◆ **Dataset excerpts**
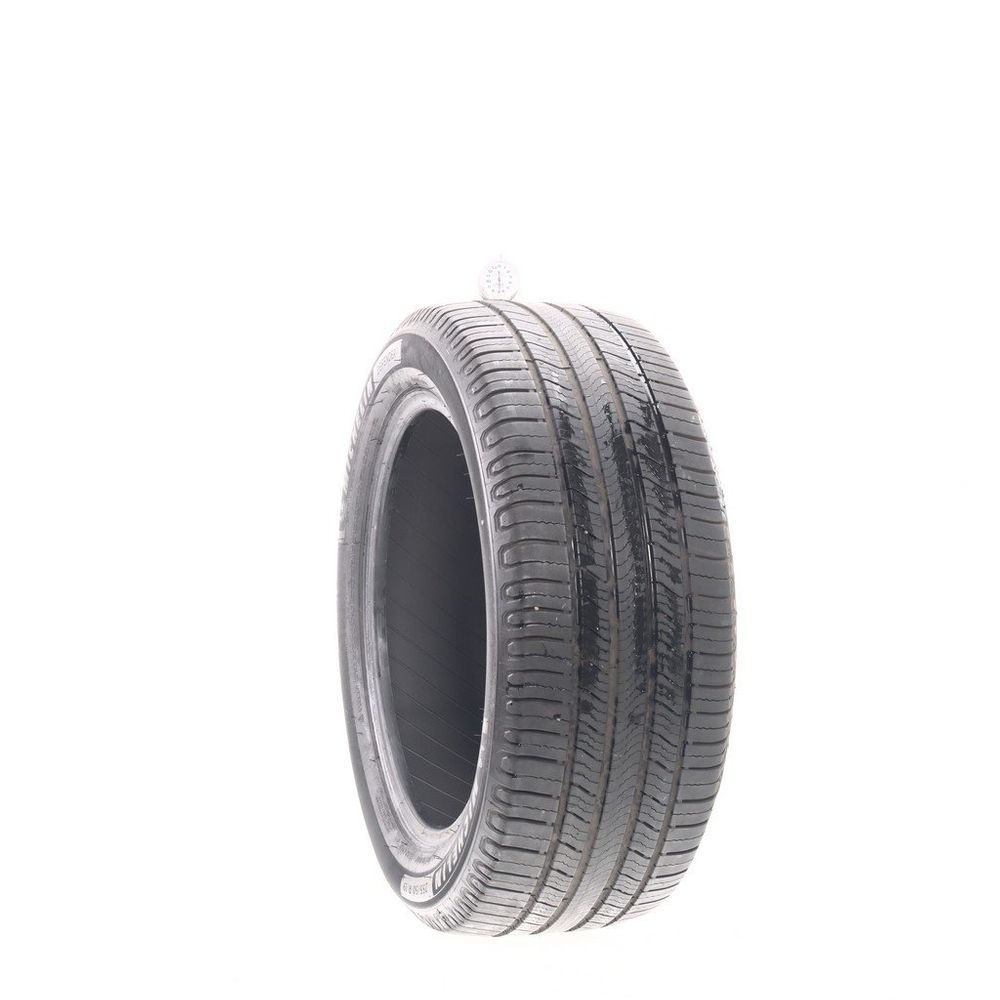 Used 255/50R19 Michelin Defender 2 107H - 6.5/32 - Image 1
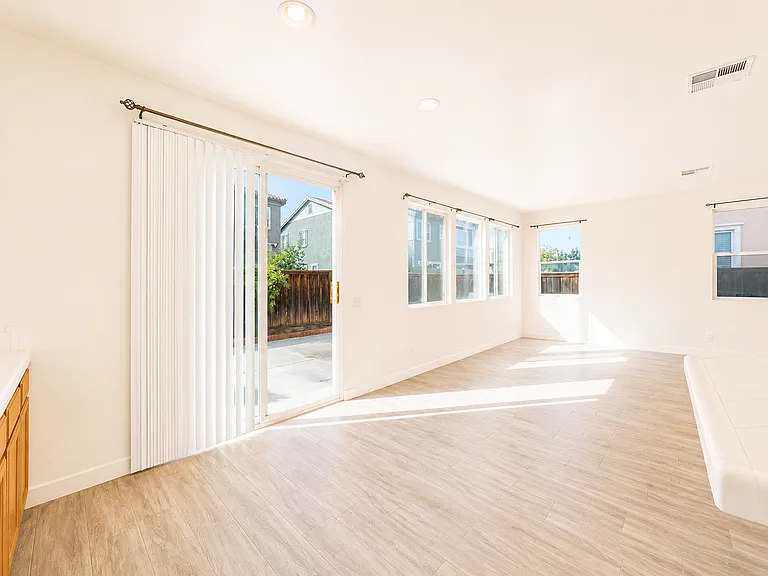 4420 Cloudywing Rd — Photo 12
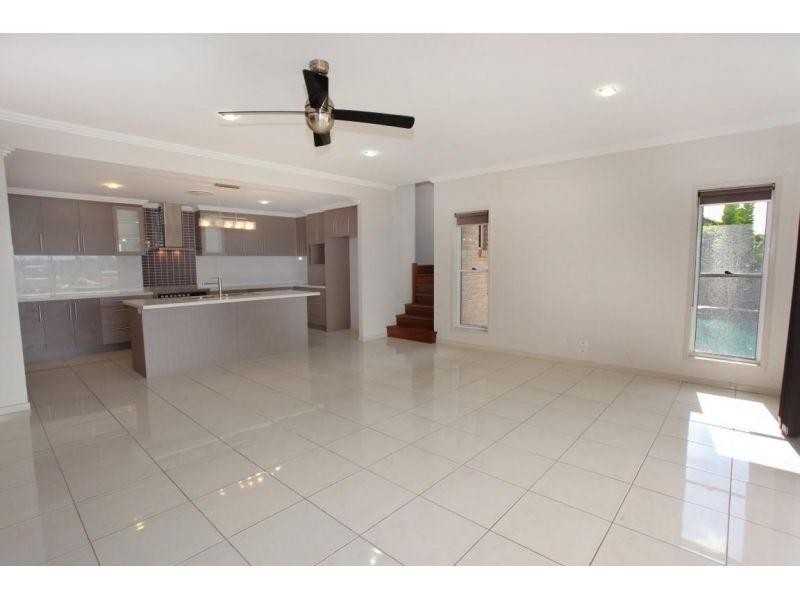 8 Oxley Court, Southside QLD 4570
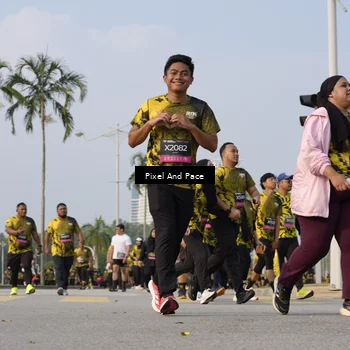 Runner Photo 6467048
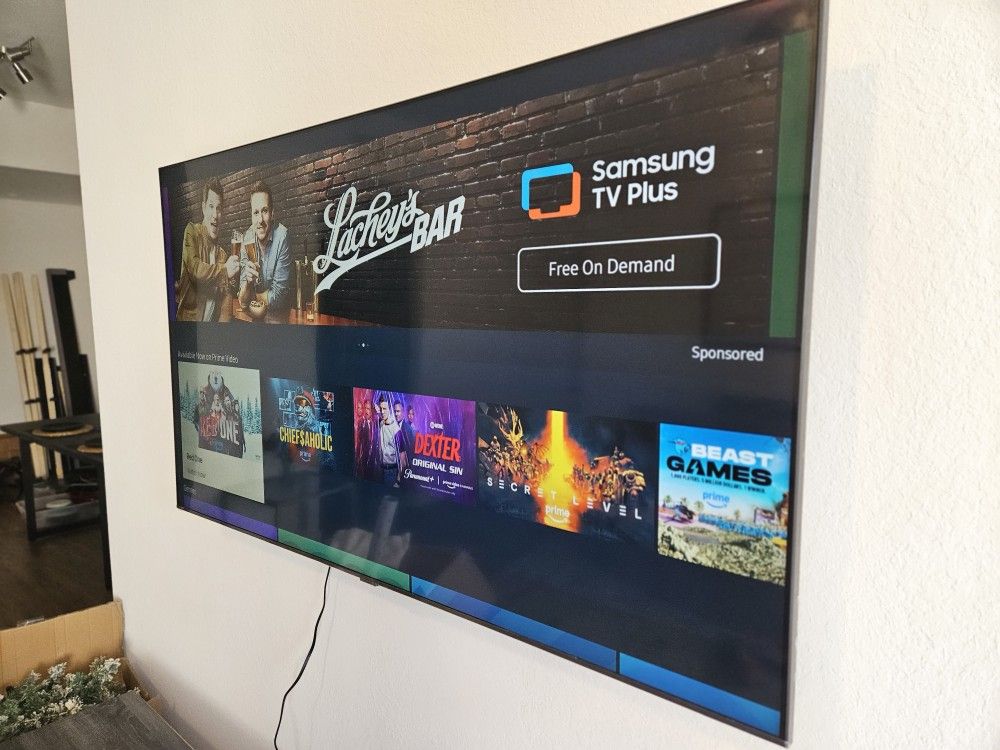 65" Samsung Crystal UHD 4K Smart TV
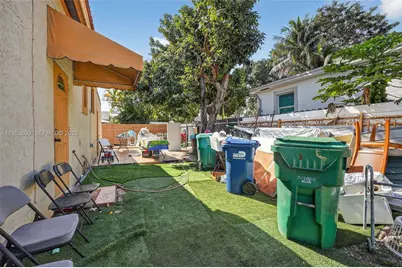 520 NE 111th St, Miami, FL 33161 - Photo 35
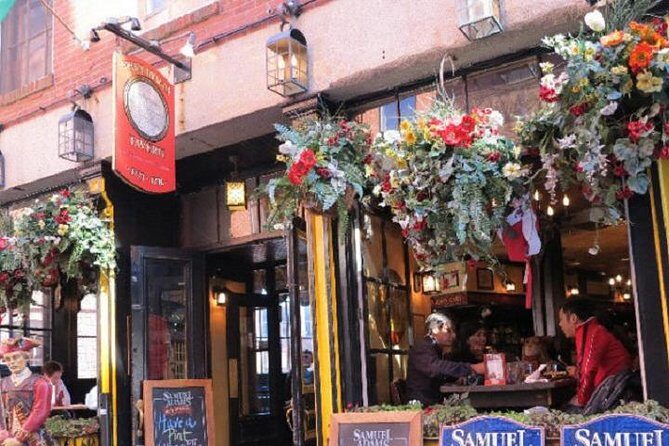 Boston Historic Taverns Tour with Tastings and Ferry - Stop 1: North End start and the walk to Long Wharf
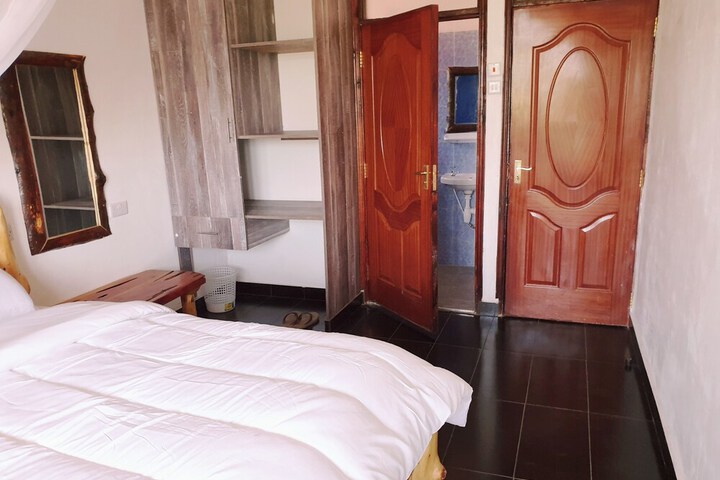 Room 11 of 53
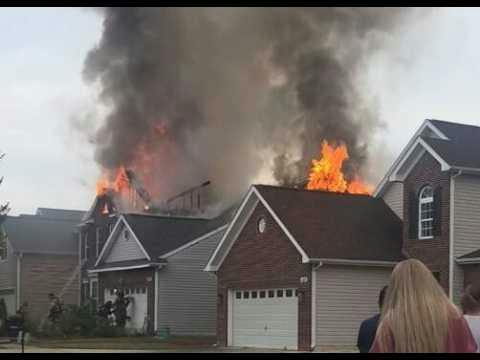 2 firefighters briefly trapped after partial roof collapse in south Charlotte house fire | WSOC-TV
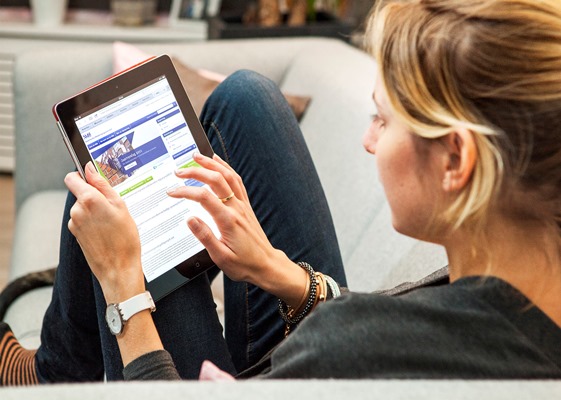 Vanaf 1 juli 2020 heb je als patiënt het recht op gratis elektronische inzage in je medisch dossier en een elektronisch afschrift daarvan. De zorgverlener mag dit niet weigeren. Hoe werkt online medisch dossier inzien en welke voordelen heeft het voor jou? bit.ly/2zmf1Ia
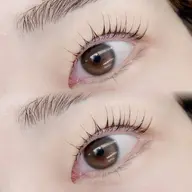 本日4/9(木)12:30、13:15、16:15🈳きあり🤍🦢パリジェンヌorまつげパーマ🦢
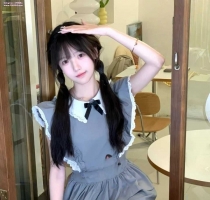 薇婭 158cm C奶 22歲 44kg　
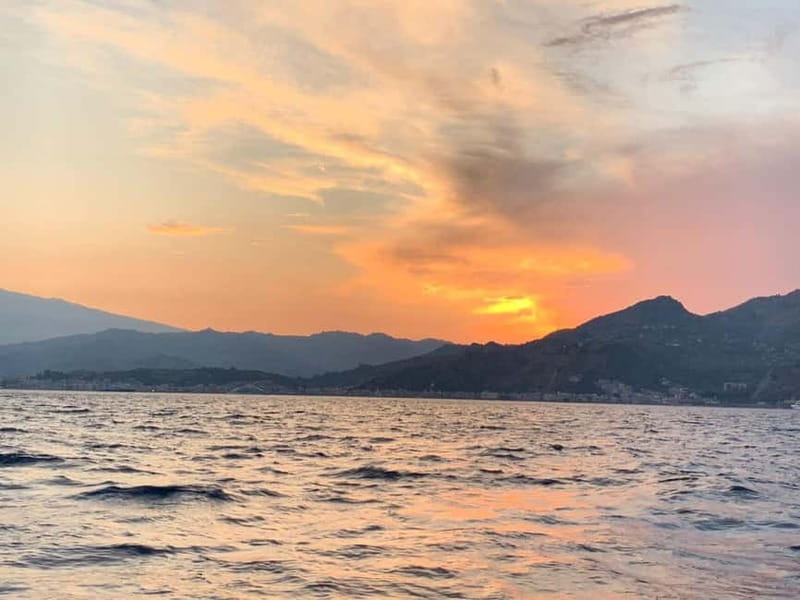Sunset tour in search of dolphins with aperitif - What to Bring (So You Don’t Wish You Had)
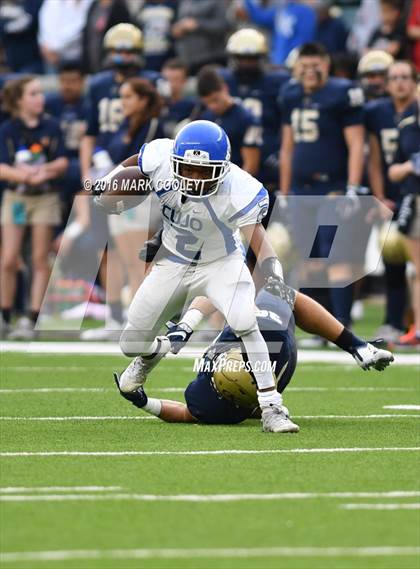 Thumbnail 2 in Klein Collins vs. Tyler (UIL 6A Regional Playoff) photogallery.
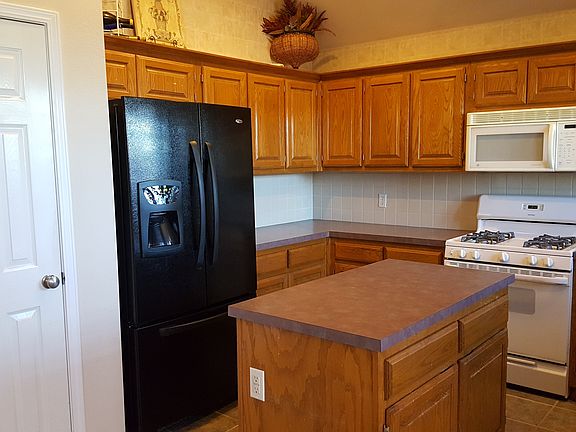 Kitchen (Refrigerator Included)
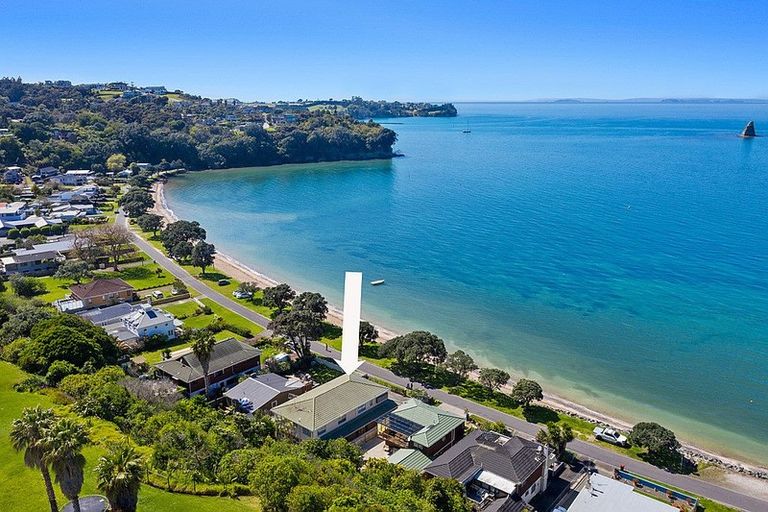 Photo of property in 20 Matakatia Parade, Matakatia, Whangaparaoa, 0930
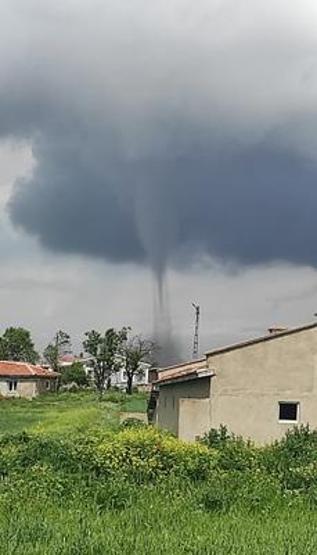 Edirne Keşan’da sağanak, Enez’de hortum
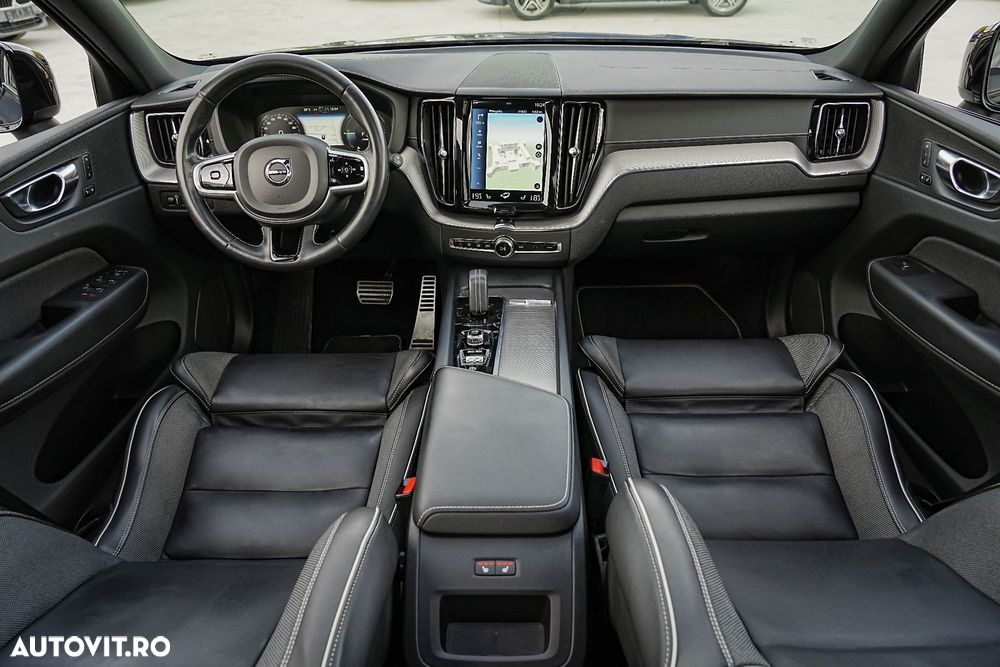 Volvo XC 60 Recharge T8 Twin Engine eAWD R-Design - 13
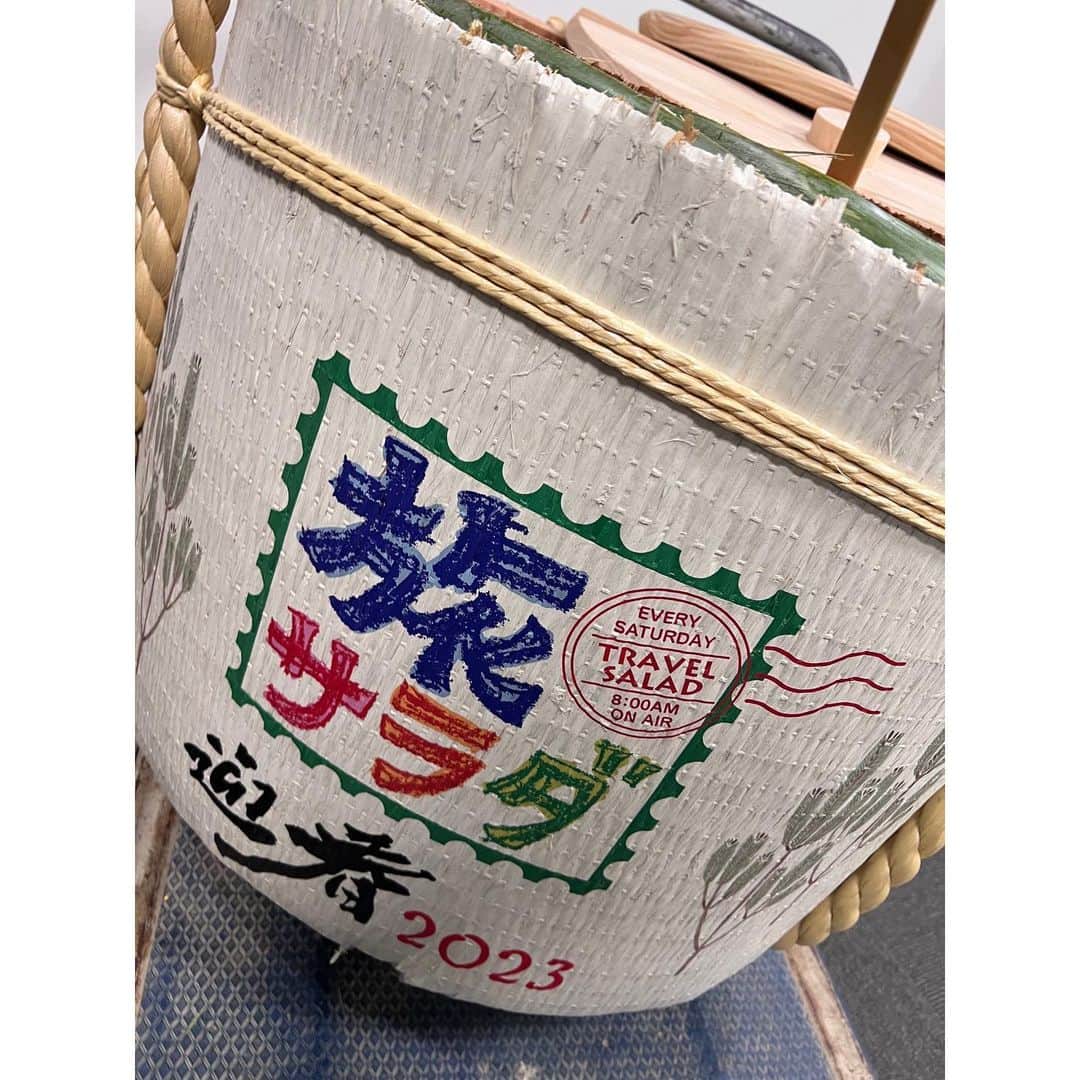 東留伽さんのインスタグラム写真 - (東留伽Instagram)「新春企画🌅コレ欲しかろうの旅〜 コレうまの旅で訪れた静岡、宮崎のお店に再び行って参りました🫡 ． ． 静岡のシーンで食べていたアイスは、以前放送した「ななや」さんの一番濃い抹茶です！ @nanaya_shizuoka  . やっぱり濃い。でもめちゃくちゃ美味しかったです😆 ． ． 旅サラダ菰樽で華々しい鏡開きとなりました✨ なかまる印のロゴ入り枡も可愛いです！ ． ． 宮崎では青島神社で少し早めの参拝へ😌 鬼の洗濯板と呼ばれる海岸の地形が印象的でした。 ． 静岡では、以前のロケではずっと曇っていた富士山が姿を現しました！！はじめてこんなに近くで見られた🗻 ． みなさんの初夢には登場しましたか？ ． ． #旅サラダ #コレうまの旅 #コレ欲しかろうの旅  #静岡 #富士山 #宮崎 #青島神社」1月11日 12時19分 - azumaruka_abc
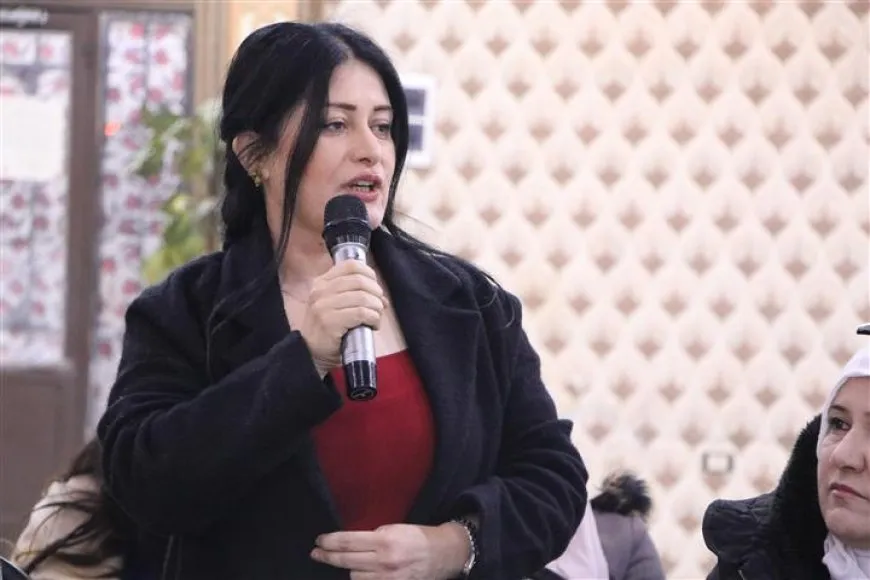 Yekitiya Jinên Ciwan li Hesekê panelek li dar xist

◆ **What you should do**
From the line containing "Edirne Keşan’da sağanak, Enez’de hortum" to the last line of the records above, return each line exactly, both ends included, and nothing more. Leave out the pictures.

◆ **Exercise response**
 Edirne Keşan’da sağanak, Enez’de hortum
 Volvo XC 60 Recharge T8 Twin Engine eAWD R-Design - 13
 東留伽さんのインスタグラム写真 - (東留伽Instagram)「新春企画🌅コレ欲しかろうの旅〜 コレうまの旅で訪れた静岡、宮崎のお店に再び行って参りました🫡 ． ． 静岡のシーンで食べていたアイスは、以前放送した「ななや」さんの一番濃い抹茶です！ @nanaya_shizuoka  . やっぱり濃い。でもめちゃくちゃ美味しかったです😆 ． ． 旅サラダ菰樽で華々しい鏡開きとなりました✨ なかまる印のロゴ入り枡も可愛いです！ ． ． 宮崎では青島神社で少し早めの参拝へ😌 鬼の洗濯板と呼ばれる海岸の地形が印象的でした。 ． 静岡では、以前のロケではずっと曇っていた富士山が姿を現しました！！はじめてこんなに近くで見られた🗻 ． みなさんの初夢には登場しましたか？ ． ． #旅サラダ #コレうまの旅 #コレ欲しかろうの旅  #静岡 #富士山 #宮崎 #青島神社」1月11日 12時19分 - azumaruka_abc
 Yekitiya Jinên Ciwan li Hesekê panelek li dar xist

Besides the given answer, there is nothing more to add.